Em 1960, a Rede Record investiu em cobertura para todo o território Paulista e em 1970 passa a dar espaço para o telejornal com programas como "Dia D", o "Jornal do REI", com transmissão simultânea entre o Rio de Janeiro e São Paulo, e o "Jornal da Record”.
Em 19 de fevereiro de 1972 faz sua primeira transmissão a cores. Nesta mesma época o atual dono da emissora SBT, Sílvio Santos, passa a integrar o quadro de comunicadores da TV Record que na época era o Canal 7. Fausto Silva, atual apresentador da Rede Globo, também fez parte da equipe da emissora apresentando o “Perdidos na noite”.

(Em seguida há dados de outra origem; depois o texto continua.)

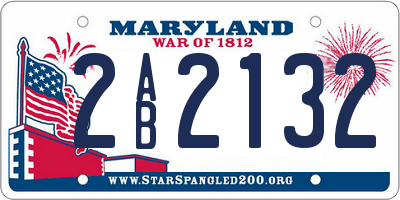 MD license plate 2AB2132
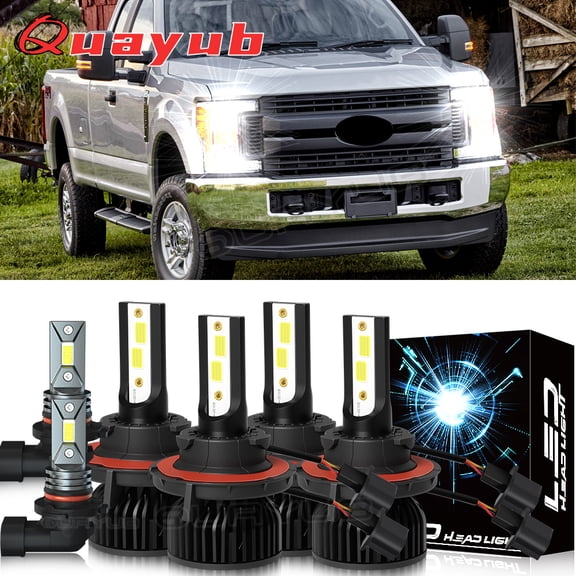 Quayub LED Headlight Hi/Low Beam Foglight Bulbs For 2011-2016 2017 Ford F250 Super Duty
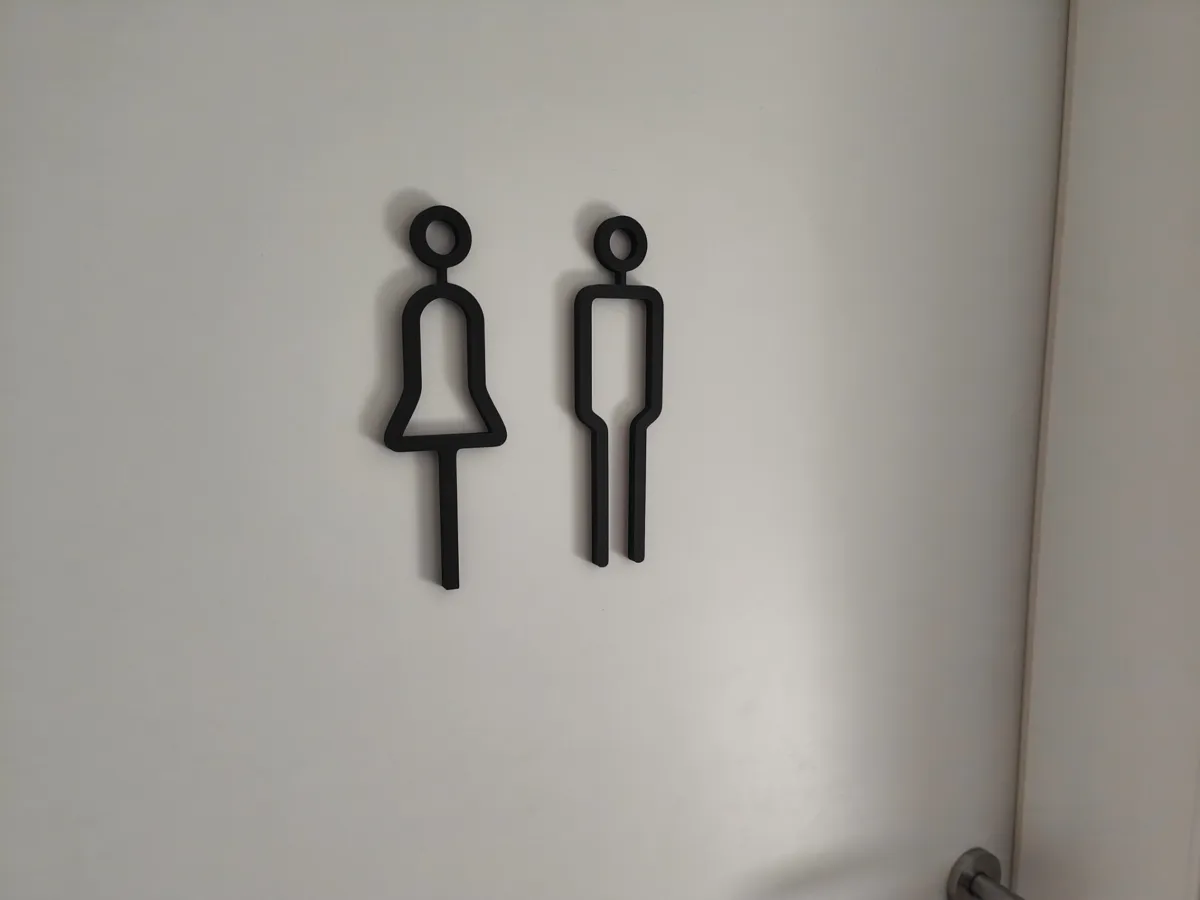 Panneau de porte toilettes minimaliste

Em 1997 passam a investir em teledramaturgia, que por algum tempo ficou estacionado, mas que voltou a todo vapor em 2004 com o sucesso “A Escrava Isaura”.
Mas a Record não vive só de boa programação, em Outubro de 2008 o site TV foco publica o ranking dos programas de maior baixaria na TV e dentre eles está o SP no ar da emissora.

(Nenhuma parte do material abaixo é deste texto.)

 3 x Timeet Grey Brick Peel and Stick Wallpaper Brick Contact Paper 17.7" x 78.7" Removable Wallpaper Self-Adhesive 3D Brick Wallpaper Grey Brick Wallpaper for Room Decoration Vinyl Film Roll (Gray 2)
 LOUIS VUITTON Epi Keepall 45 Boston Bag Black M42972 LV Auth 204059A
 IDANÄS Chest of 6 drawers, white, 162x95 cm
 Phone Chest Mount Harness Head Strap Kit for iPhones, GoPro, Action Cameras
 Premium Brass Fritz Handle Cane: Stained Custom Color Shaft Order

Criada em abril de 1966, a Revista realidade, abordava questões sociais em seu editorial. Com uma linha voltada para o Jornalismo artístico, a revista utilizava de fotografias como forma de chocar os leitores e reforçar o assunto. A revista expunha os fatos do olhar do personagem retratado. O trabalho do jornalista era participar ativamente da vida do personagem, de forma que o repórter se transformasse no próprio personagem e as matérias tivessem maior veracidade e uma participação ativa do jornalista.
A revista acostumada a escandalizar mostrando a realidade da sociedade, na edição de maio de 1968 enviou o repórter José Hamilton Ribeiro para cobertura da Guerra do Vietnã, mas infelizmente ele acabou fatalmente pisando em uma mina terrestre e perdendo parte da perna esquerda. No exemplar, o jornalista descreve seu sofrimento e recuperação aparecendo em uma imagem ferido.
Roberto Civita, editor da revista - o primeiro foi seu pai Victor Civita - tinha um lema: priorizar o lado positivo do Brasil. Victor Civita, no editorial do primeiro exemplar, disse que queria comunicar a "fé inabalável no Brasil e seu povo". Roberto apesar de seu autoritarismo dava plena autonomia aos jornalistas em suas reportagens.
Grandes personalidades contribuíram para a revista como Carlos Drummond de Andrade, Nélson Rodrigues, Adoniran Barbosa, Carlos Lacerda, Paulo Francis e Plínio Marcos. Até Frank Sinatra contribuiu em uma das edições fotografando uma luta de Muhammad Ali.
Apesar de Vitor Civita viver afirmando que sua revista era feita para homens e mulheres, ela era em sua maior parte antropocêntrica e tinha em suas matérias o foco no centro.
Em seus 10 anos de existência, oito prêmios Esso foram conquistados: "Brasileiros go home" (1966), "Os meninos do Recife" (1967), "A vida por um rim" (1967), "Eles estão com fome" (1968), "Do que morre o Brasil" (1968), "Marcinha tem salvação: amor" (1969), "Amazônia" (1972) e "Seu corpo pode ser um bom presente" (1973). E ainda o Prêmio Sudene, pelo especial sobre o Nordeste. O sucesso da revista foi tanto que em Portugal adotaram-na como livro de texto de português.
A revista com tiragem de 500 mil exemplares esperava chegar a 1 milhão, mas infelizmente em 1968, quando instalaram o AI-5, ela foi extinta.